SOURCE MATERIAL:
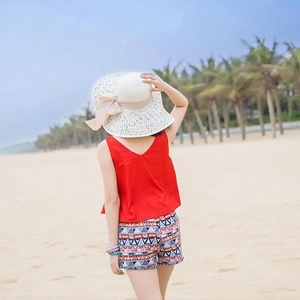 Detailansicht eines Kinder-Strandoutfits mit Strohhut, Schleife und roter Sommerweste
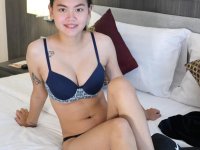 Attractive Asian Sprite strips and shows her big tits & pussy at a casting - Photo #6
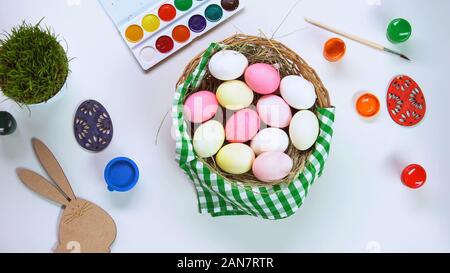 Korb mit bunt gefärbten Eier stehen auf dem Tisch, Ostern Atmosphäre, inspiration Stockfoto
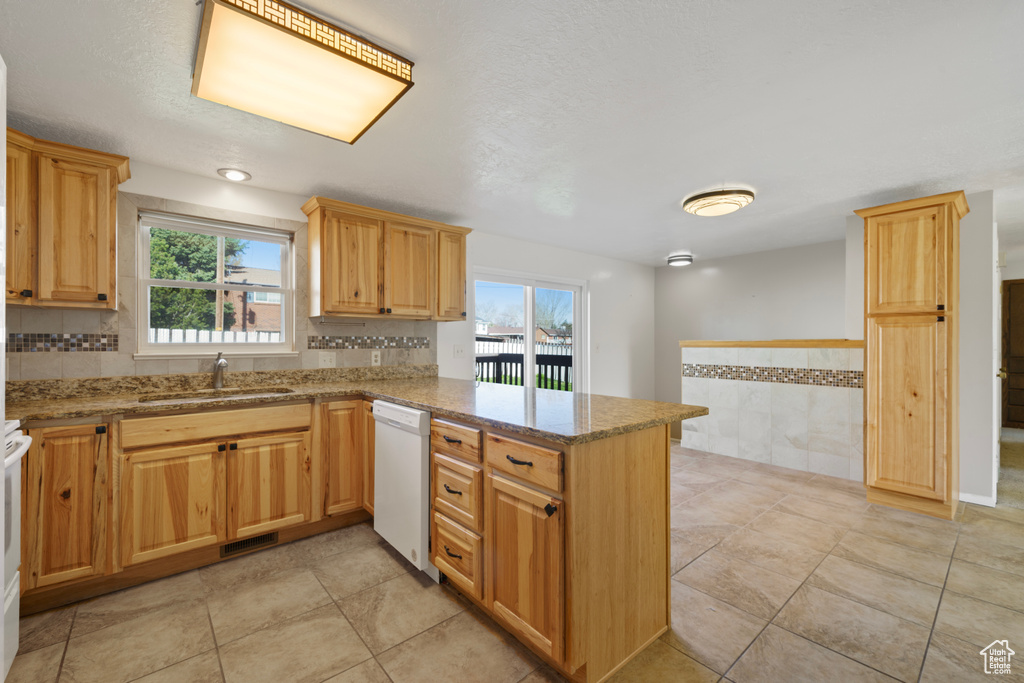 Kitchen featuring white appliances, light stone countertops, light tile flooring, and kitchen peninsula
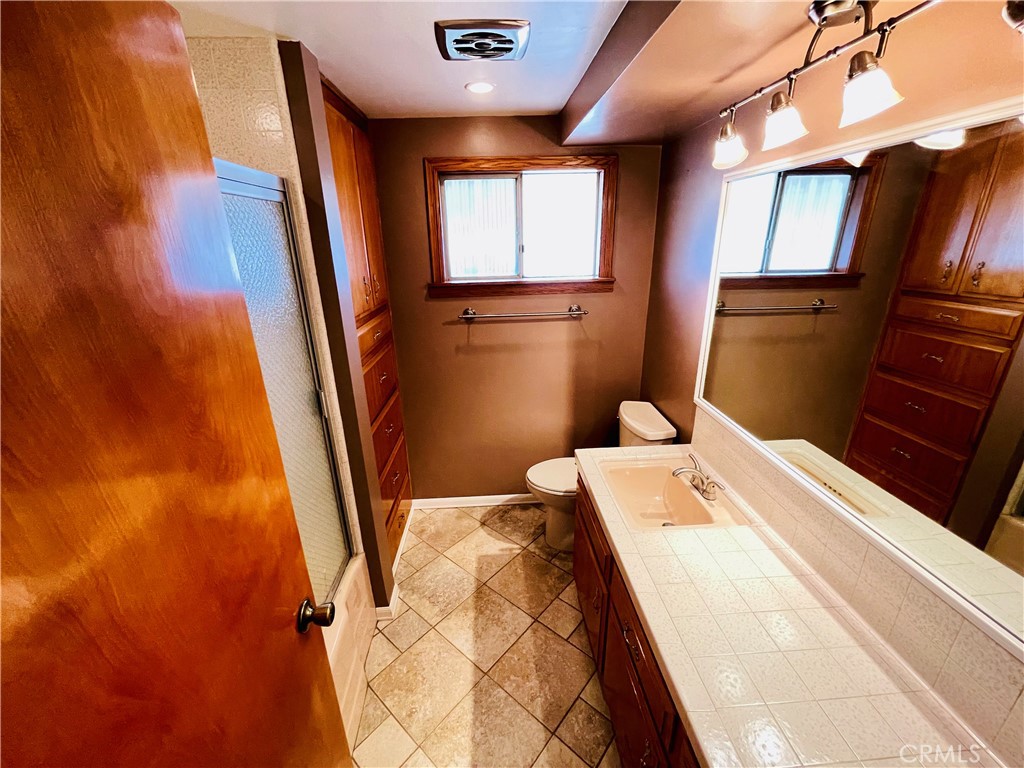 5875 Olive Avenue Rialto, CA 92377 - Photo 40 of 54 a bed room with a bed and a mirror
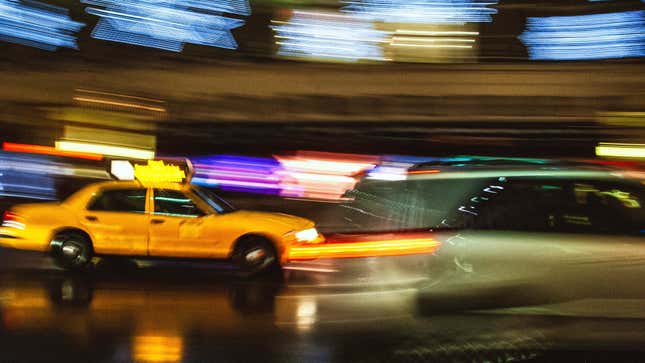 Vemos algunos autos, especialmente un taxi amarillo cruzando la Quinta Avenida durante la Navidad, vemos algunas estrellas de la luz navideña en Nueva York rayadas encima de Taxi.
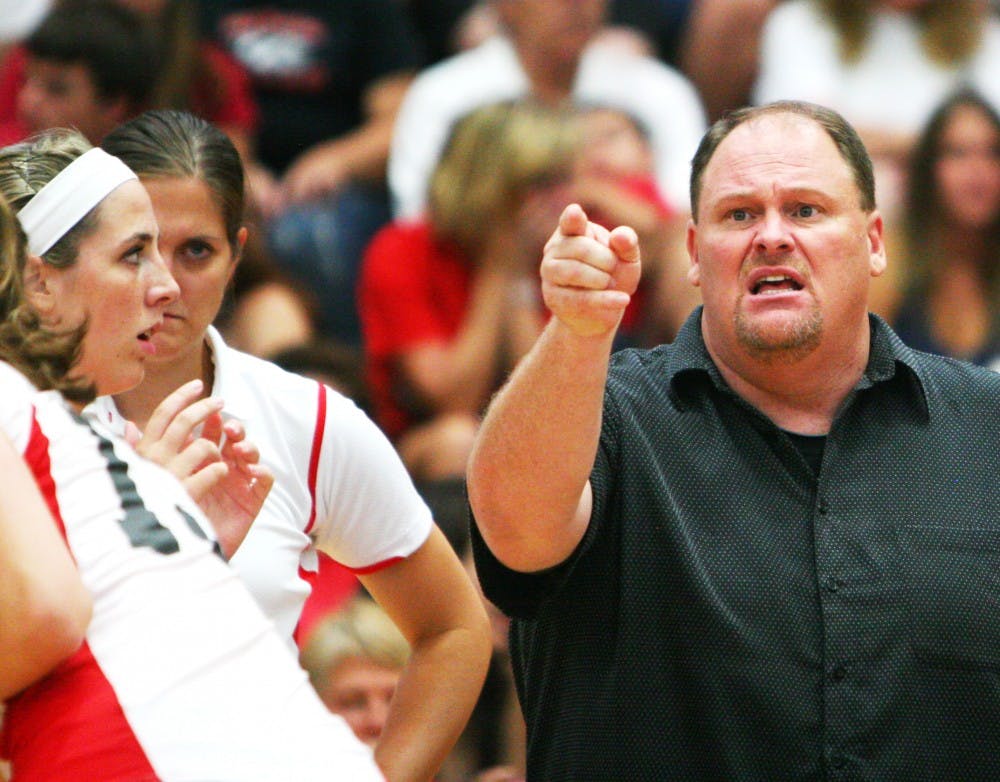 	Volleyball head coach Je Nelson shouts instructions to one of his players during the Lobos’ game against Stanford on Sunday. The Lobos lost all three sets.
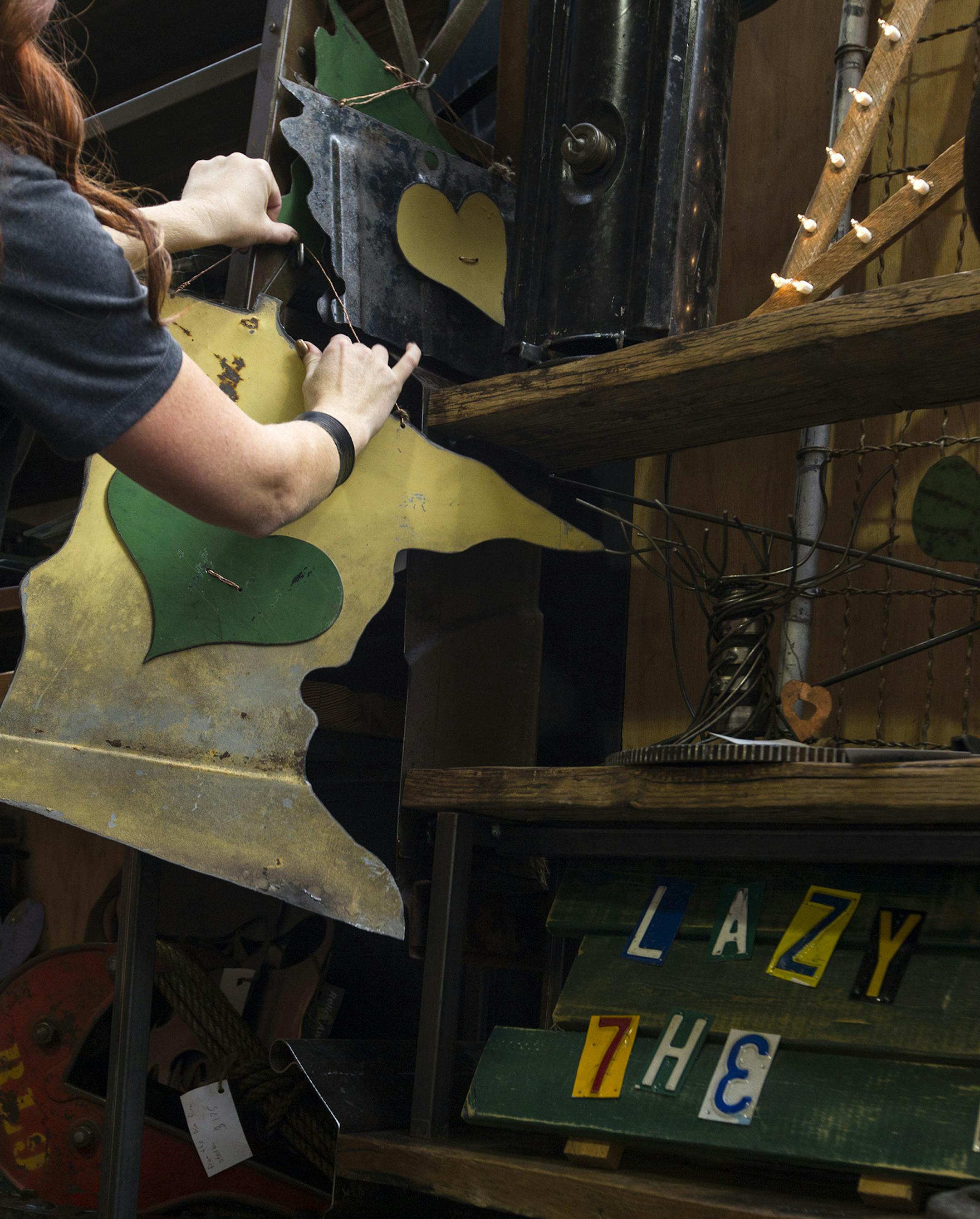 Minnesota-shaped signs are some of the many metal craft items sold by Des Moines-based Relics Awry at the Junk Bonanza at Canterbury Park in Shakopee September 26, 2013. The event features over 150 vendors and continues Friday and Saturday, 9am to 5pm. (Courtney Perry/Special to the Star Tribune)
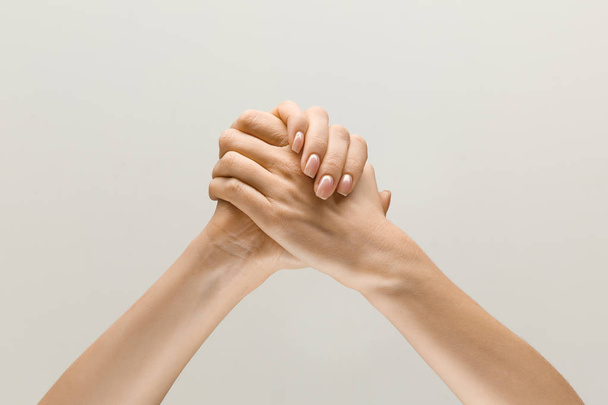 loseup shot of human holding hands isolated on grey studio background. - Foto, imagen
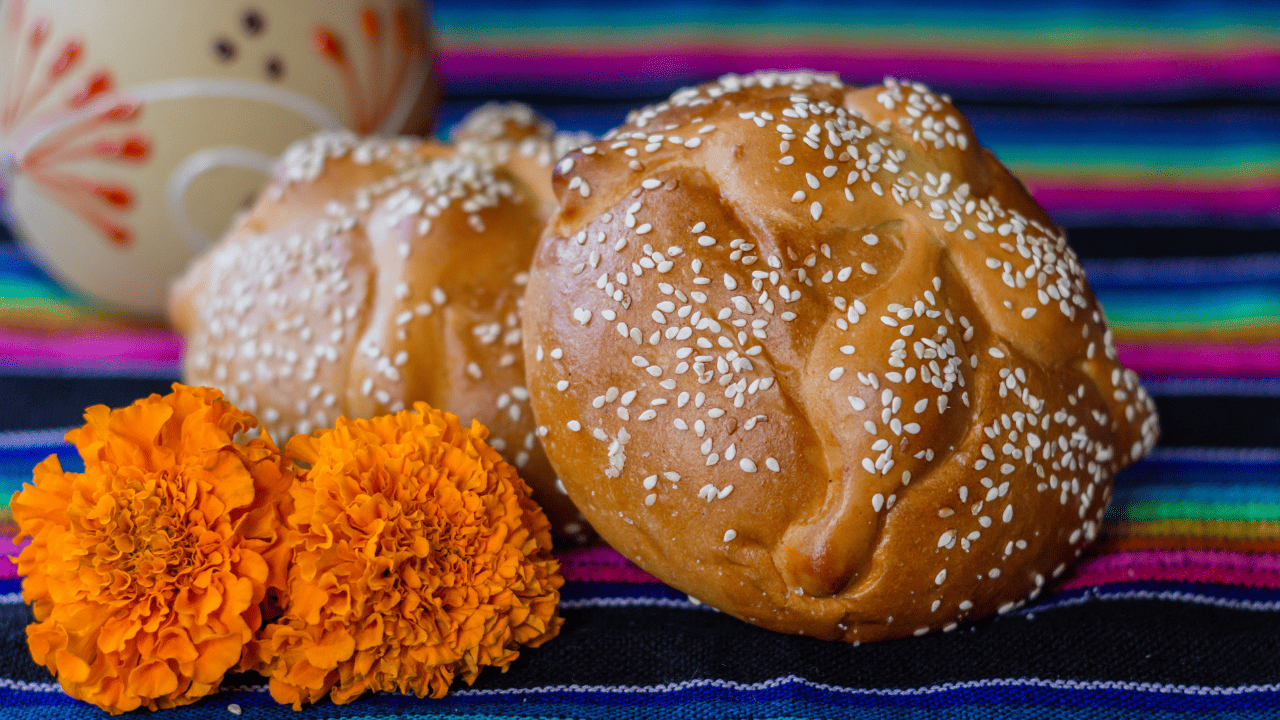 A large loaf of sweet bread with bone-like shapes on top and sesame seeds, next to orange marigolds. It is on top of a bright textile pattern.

TRY IT: When restating the records word for word, omit any picture they contain.

SOLUTION TO THE EXERCISE:
 Detailansicht eines Kinder-Strandoutfits mit Strohhut, Schleife und roter Sommerweste
 Attractive Asian Sprite strips and shows her big tits & pussy at a casting - Photo #6
 Korb mit bunt gefärbten Eier stehen auf dem Tisch, Ostern Atmosphäre, inspiration Stockfoto
 Kitchen featuring white appliances, light stone countertops, light tile flooring, and kitchen peninsula
 5875 Olive Avenue Rialto, CA 92377 - Photo 40 of 54 a bed room with a bed and a mirror
 Vemos algunos autos, especialmente un taxi amarillo cruzando la Quinta Avenida durante la Navidad, vemos algunas estrellas de la luz navideña en Nueva York rayadas encima de Taxi.
 	Volleyball head coach Je Nelson shouts instructions to one of his players during the Lobos’ game against Stanford on Sunday. The Lobos lost all three sets.
 Minnesota-shaped signs are some of the many metal craft items sold by Des Moines-based Relics Awry at the Junk Bonanza at Canterbury Park in Shakopee September 26, 2013. The event features over 150 vendors and continues Friday and Saturday, 9am to 5pm. (Courtney Perry/Special to the Star Tribune)
 loseup shot of human holding hands isolated on grey studio background. - Foto, imagen
 A large loaf of sweet bread with bone-like shapes on top and sesame seeds, next to orange marigolds. It is on top of a bright textile pattern.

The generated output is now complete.